Some DGAZ investors develop a long-term strategy of shorting DGAS. In recent years, these investors have benefited from the steady decline in natural gas prices. This explains the DGAS AUM of $155 million.
Best Online Brokers for Natural Gas ETFs
The rapid shifts and volatile nature of natural gas ETFs require the platforms and tools available through online brokers. Individual and professional investors gain a competitive advantage from using the resources of these top 3 online brokers.
1. You Invest by J.P. Morgan
If you’re already a customer with Chase Bank, Chase You Invest by J.P. Morgan is a no-brainer. You can easily research, trade and manage your investments from your mobile device. You Invest provides online tools to search for investments, track companies and rollover your assets.
Only U.S. clients are able to open a You Invest account but it takes, on average, just a day to open and you’re able to apply fully online. Equipped with portfolio reports and pie charts, the mobile app is simple and user-friendly. The app is available for both iOS and Android devices.
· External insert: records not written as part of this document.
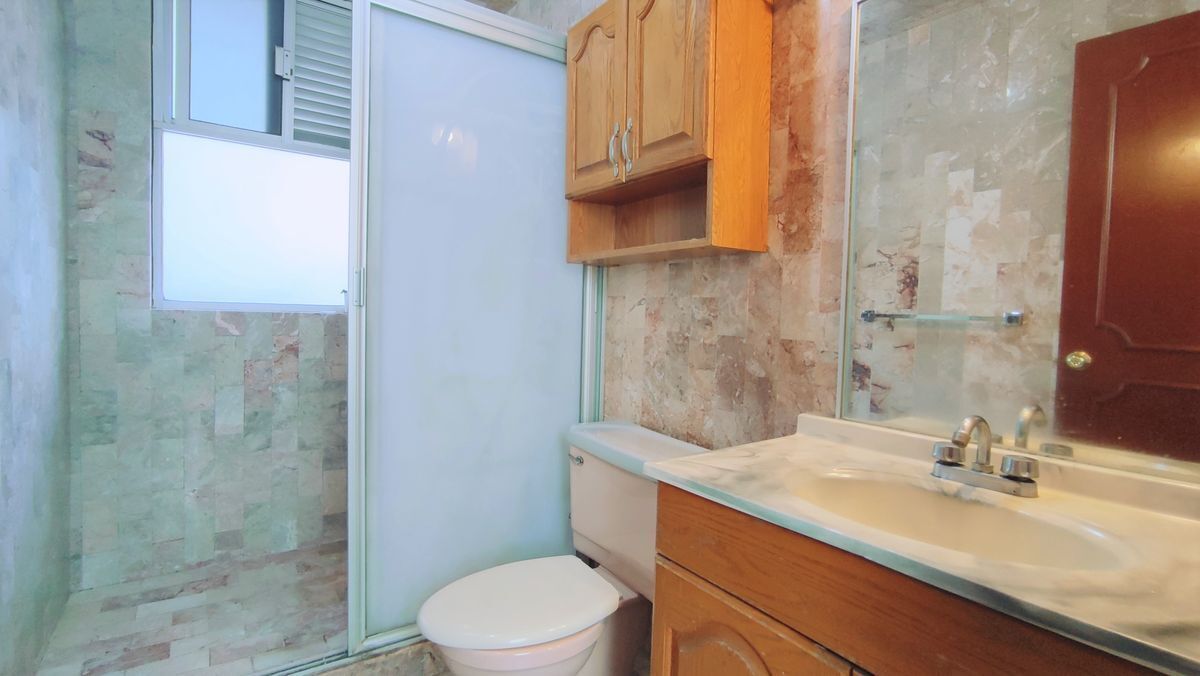 edificio-3-niveles-con-potencial-para-10-pisos-y-1-casa-a-la-venta41-25896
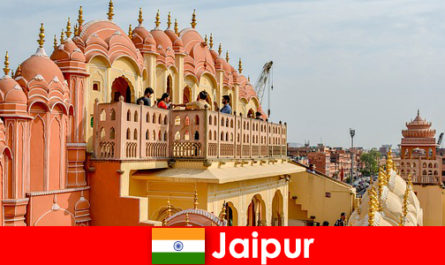 印象的な宮殿と最新のファッションは、インドのジャイプールで観光客を見つける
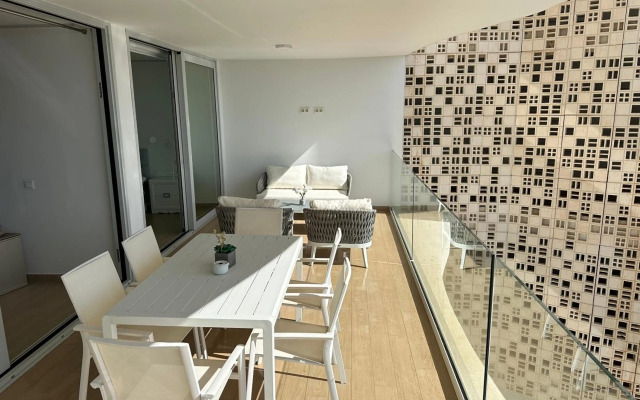 Unique 2 bedroom unit with pool near beach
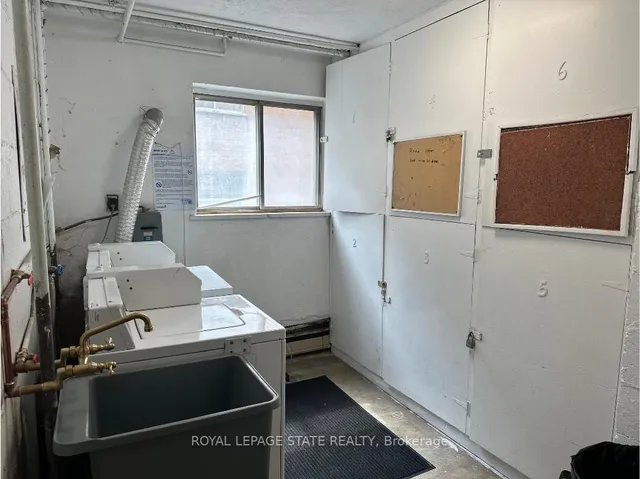 Additional image 38 of 981 Mohawk Rd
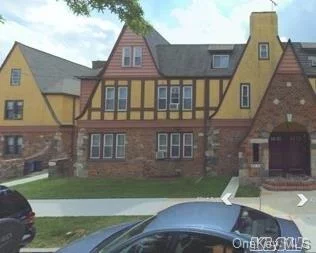 Very Bright Second Story Unit In A Tudor Style Home With 2 Large Bedrooms, Big Living Area And Eat-In-Kitchen With Stainless Steel Appliances. 3 Secondary Bedrooms And Renovated Second Full Bath On Third Floor. Rental Includes Heat And Gas. Close To All Conveniences.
With Chase You Invest you’ll have access to roughly 5,000 stock exchanges. There are plenty of research and educational tools provided on the app. Overall, we recommend the Chase You Invest platform for stock trading because it’s easy to open and fund an account. It’s also reliable thanks to its strong parent company, J.P. Morgan.
You can take advantage of TradeStation’s $0 ETF trades and extended-hour trading. TradeStation provides a great environment for you to stay on pace with your natural gas ETFs. Its platforms deliver fast, flexible and powerful support with real-time data, marketing scanning tools and customizable charts.
With EasyLanguage, you can use algorithmic technology to develop your natural gas ETF automated trade strategy. TradeStation’s Strategy Builder allows you to construct and optimize your strategy without having programming knowledge. Plus, TradeStation has a vast online database with historical trading data. You can use it for backtesting and analysis.
Firstrade also provides $0 ETF trades. It has responsive and flexible platforms that help you stay current on market events and your investing activity. Extensive research and reports are available to you through Benzinga, Morningstar, Briefing.com and Zacks.
If you are frequently on the go, Firstrade’s new mobile app provides watchlists, easy trades, one-click transactions, research tools and educational videos. Customizable charts with dynamic graphics make your mobile ETF trading more efficient. Plus, Firstrade gives you a wider trading window with extended-hours trading.
4. TD Ameritrade
Most online broker reviewers rank TD Ameritrade as the number 1 online broker. It can provide an optimal trading environment with $0 ETF trades and unparalleled technology. Investors of all levels can find the resources they need to build a productive trading system.
The main platform allows novices the ability to invest like pros. It provides graphic charts, ETF scanners, research reports, instruction video and courses where you can interact with live coaches. For advanced traders, TD Ameritrade provides thinkorswim. It features customizable workspace, scanners, profiles and trading simulations. Also, Thinkorswim features ThinkBack. Traders use this app to backtest their strategies by referencing historical ETF prices.
Is Natural Gas in Your Investment Future?
Natural gas companies have taken a price beating in recent years. Still, signs of a recovery in this sector keep investors motivated to hold short and long positions in this sector. Investing in natural gas ETFs provides a safer way for you to share in their guarded optimism.